> _Problem details_: Please retype, word for word, the line containing "Earmuffs and digital" and every line after it through the end of the records, leaving out all pictures.

> _Records supplied_:
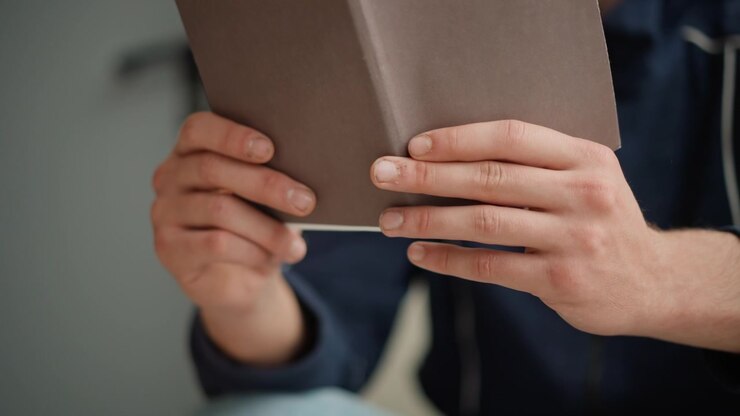 Detailní záběr rukou držících hnědou knihu s měkkým osvětlením a neutrálním pozadím. Osoba má na sobě tmavé oblečení, zaměřující se na interakci mezi prsty a předmětem. Pozadí tvoří obyčejná šedá zeď.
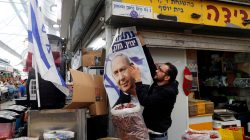 A man holds a Likud election campaign poster depicting Israeli Prime Minister Benjamin Netanyahu as he stands behind a stall at Mahane Yehuda Market in Jerusalem April 8, 2019. REUTERS/Ronen Zvulun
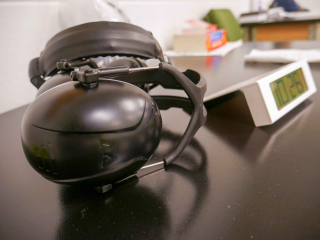 Earmuffs and digital clock laying on a desk at the entrance to the large exam room.
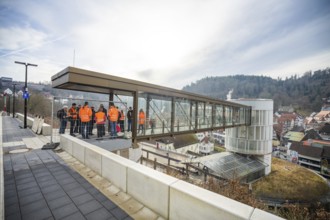 People in orange vests stand on a glass bridge with a view of a city and hills, taking off the
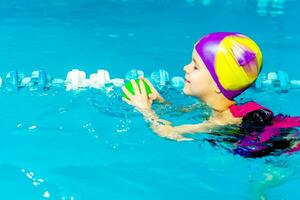 un' poco ragazzo con un' vita giacca su il suo il petto impara per nuotare nel un interno piscina. foto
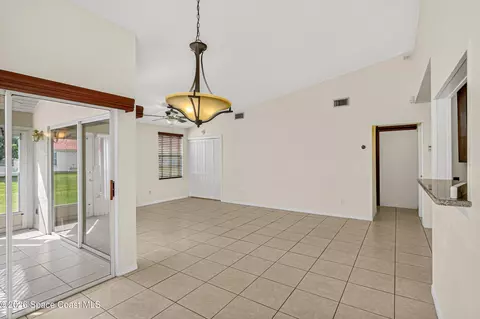 Living - 718 Pine Island Dr, Melbourne, FL 32940 photo 4 of 7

> _Task output_:
 Earmuffs and digital clock laying on a desk at the entrance to the large exam room.
 People in orange vests stand on a glass bridge with a view of a city and hills, taking off the
 un' poco ragazzo con un' vita giacca su il suo il petto impara per nuotare nel un interno piscina. foto
 Living - 718 Pine Island Dr, Melbourne, FL 32940 photo 4 of 7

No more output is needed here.